Security Considerations#
Token Security#
OAuth Tokens (managed by AppView):
- Stored in SQLite database
- DPoP-bound (cannot be used without client key)
- Automatically refreshed by indigo library
- Used for PDS API requests (manifests, service tokens)
Registry JWTs (issued to Docker clients):
- Short-lived (15 minutes)
- Signed by AppView's JWT signing key
- Contain validated DID from OAuth session
- Used for OCI Distribution API requests
Attack Prevention#
Token Theft:
- DPoP prevents stolen tokens from being used
- Tokens are bound to specific client key
- Attacker would need both token AND private key
Client Impersonation:
- Confidential clients use private key JWT assertion
- Prevents attackers from impersonating AppView
- Public keys published in client metadata JWKS
Man-in-the-Middle:
- All OAuth flows use HTTPS in production
- DPoP includes HTTP method and URI in proof
- Prevents replay attacks on different endpoints
Authorization Code Interception:
- PKCE prevents code interception attacks
- Code verifier required to exchange code for token
- Protects against malicious redirect URI attacks
Troubleshooting#
Common Issues#
"Failed to initialize OAuth client key"
- Check that
/var/lib/atcr/oauth/directory exists and is writable - Verify directory permissions are 0700
- Check disk space
"OAuth session not found"
- User needs to re-authenticate (session expired or invalidated)

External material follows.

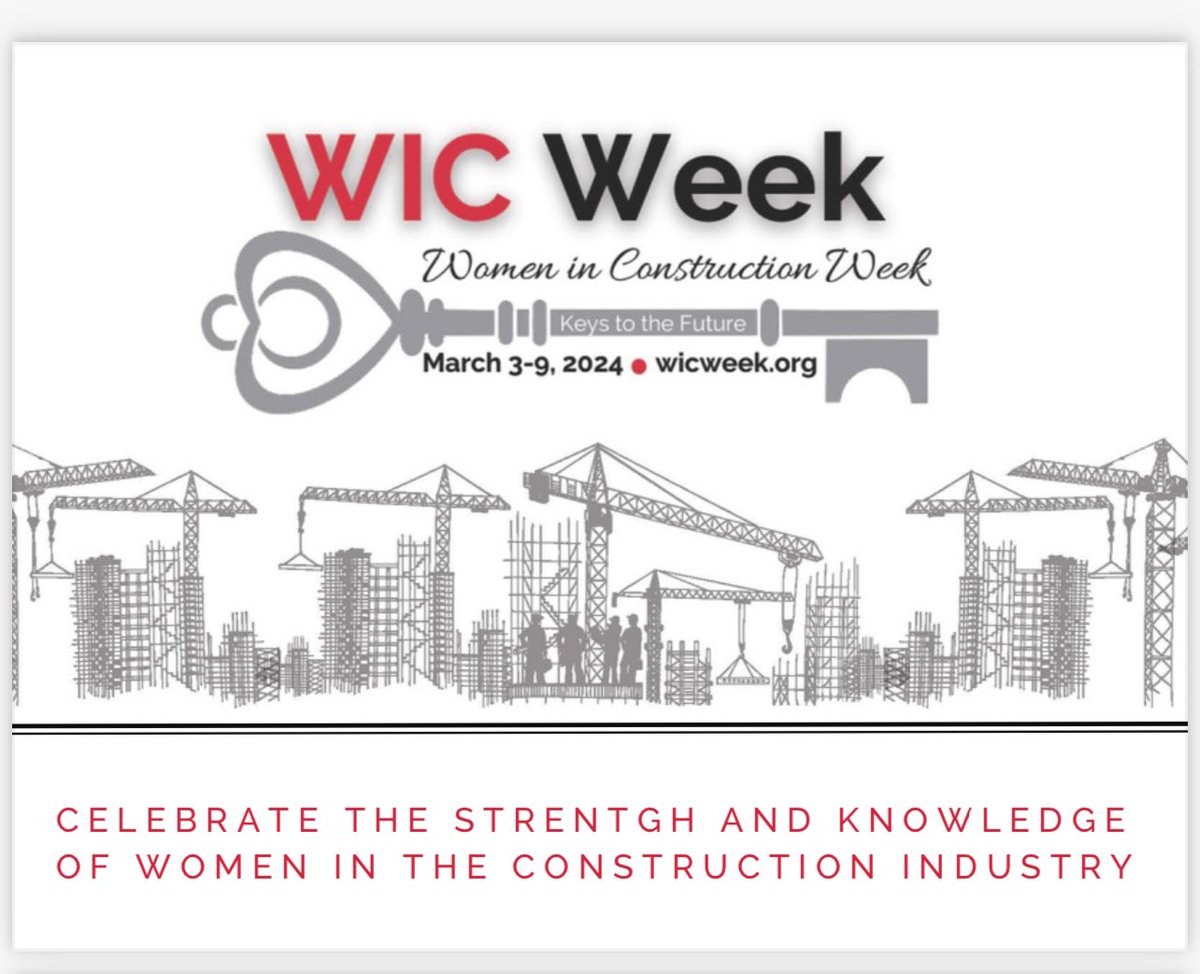 KFore1's tweet photo. Women in Construction Week a.k.a WIC Week is coming up March 3 - 9, 2024! 
Stay tuned for local NAWIC Triangle events! 
#NAWIC #WIC #WICWeek2024 #WICWeek #NationalAssociationofWomenInConstruction https://t.co/Dq8Z7WsSzY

- Check that UI database is accessible
- Verify OAuth session storage is working
"Invalid DPoP proof"
- Clock skew between AppView and PDS
- DPoP key mismatch (token was issued with different key)
- Check that indigo library is managing DPoP correctly
"Client authentication failed"
- Confidential client key may be corrupted
- Key ID may not match public key
- Try rotating the client key (delete and regenerate)
Debugging#
Enable debug logging to see OAuth flow details:
export ATCR_LOG_LEVEL=debug
./bin/atcr-appview serve
Look for log messages:
"Generated new P-256 OAuth client key"- Key was auto-generated"Loaded existing P-256 OAuth client key"- Key was loaded from disk"Configured confidential OAuth client"- Production confidential client active"Localhost detected - using public OAuth client"- Development public client active
Testing OAuth Flow#
Test OAuth flow manually:
# 1. Start AppView in debug mode
ATCR_LOG_LEVEL=debug ./bin/atcr-appview serve
# 2. Try docker login
docker login atcr.io
# 3. Check logs for OAuth flow details
# Look for: PAR request, token exchange, DPoP headers, etc.